**Information supplied:**
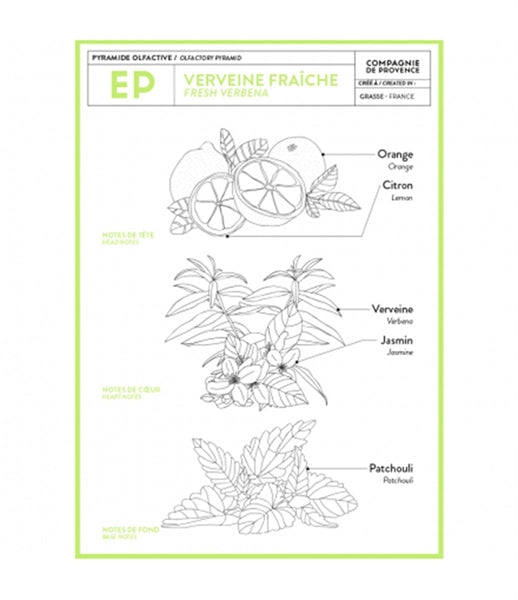 Mini Savon de Marseille Verveine Fraîche - Compagnie de Provence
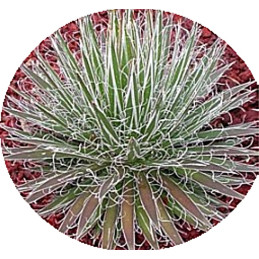 Agave filifera ssp. schidigera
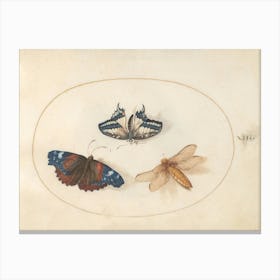 Two Butterflies and a Dragonfly(c. 1575-1580), Joris Hoefnagel Canvas Print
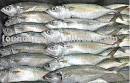 new fish (indian mackerel) products,China new fish (indian ...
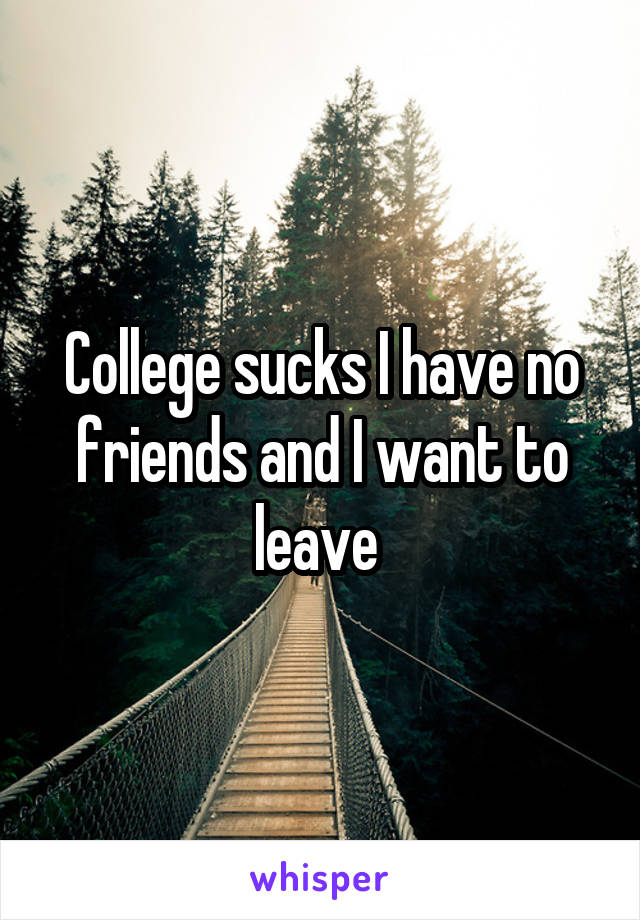 College sucks I have no friends and I want to leave 
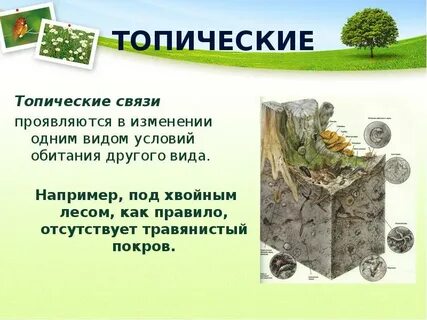 Взаимодействие живого и среды обитания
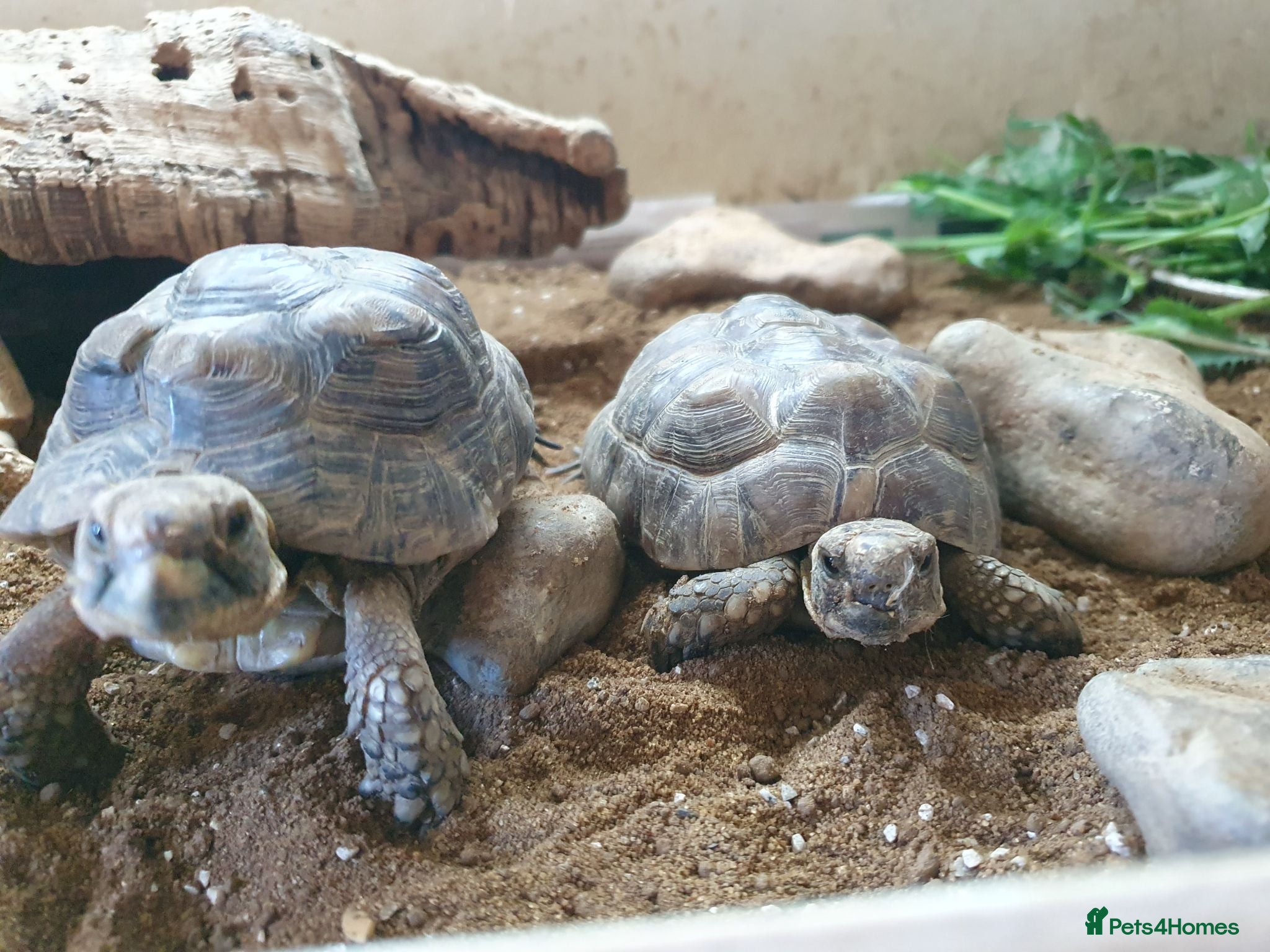 Tortoise reptiles 2 tortoises  - Advert 1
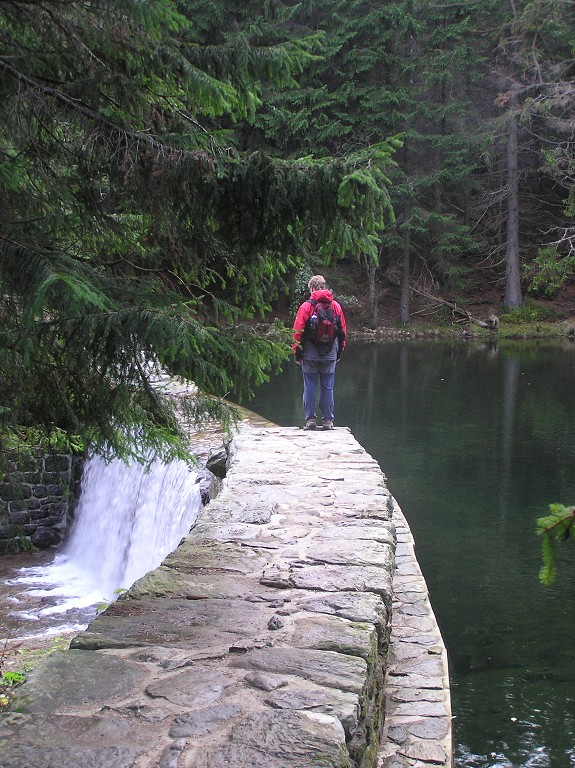 img00021.jpg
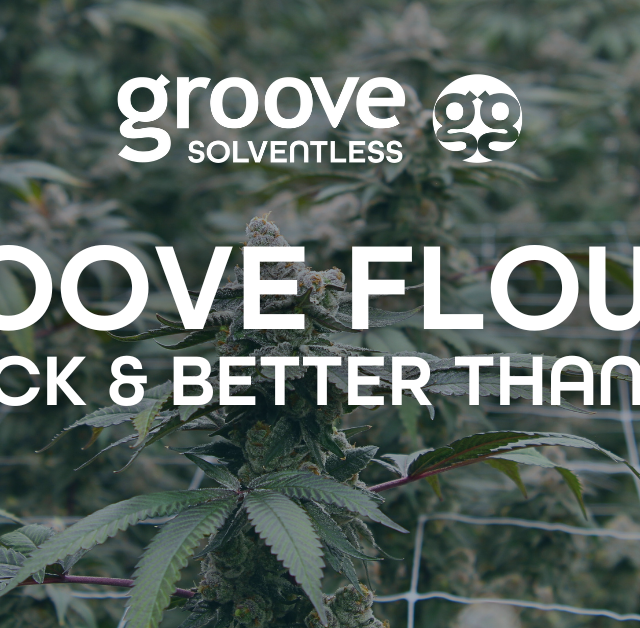 Groove Flower is Back and Better Than Ever!
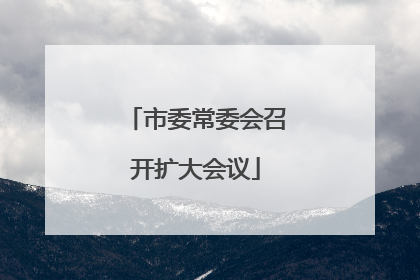 市委常委会召开扩大会议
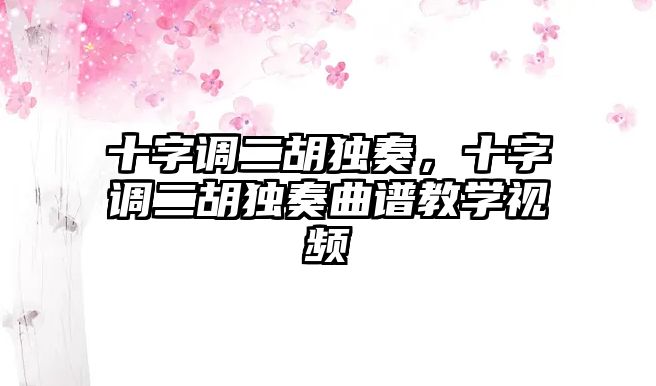 十字調二胡獨奏，十字調二胡獨奏曲譜教學視頻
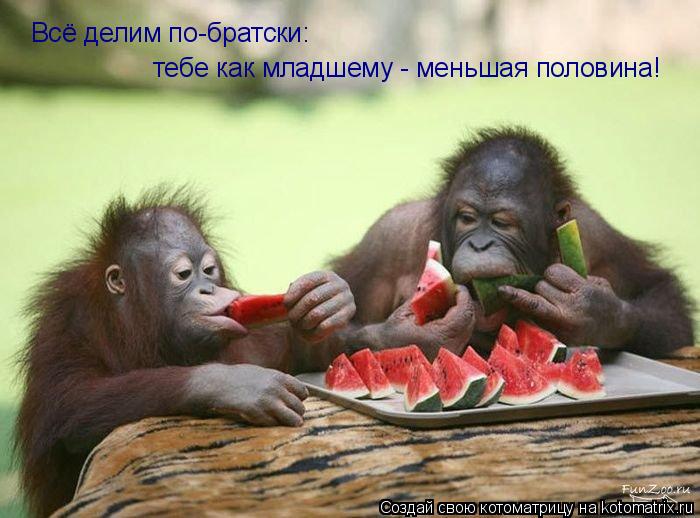 Всё делим по-братски: тебе как младшему - меньшая половина!... Котоматрица: Всё делим по-братски: тебе как младшему - меньшая половина!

**Task requirements:** Beginning with the line that contains "Tortoise reptiles 2" and ending with the last line of the entries above, repeat each line exactly, but not the pictures.

**Response:**
 Tortoise reptiles 2 tortoises  - Advert 1
 img00021.jpg
 Groove Flower is Back and Better Than Ever!
 市委常委会召开扩大会议
 十字調二胡獨奏，十字調二胡獨奏曲譜教學視頻
 Всё делим по-братски: тебе как младшему - меньшая половина!... Котоматрица: Всё делим по-братски: тебе как младшему - меньшая половина!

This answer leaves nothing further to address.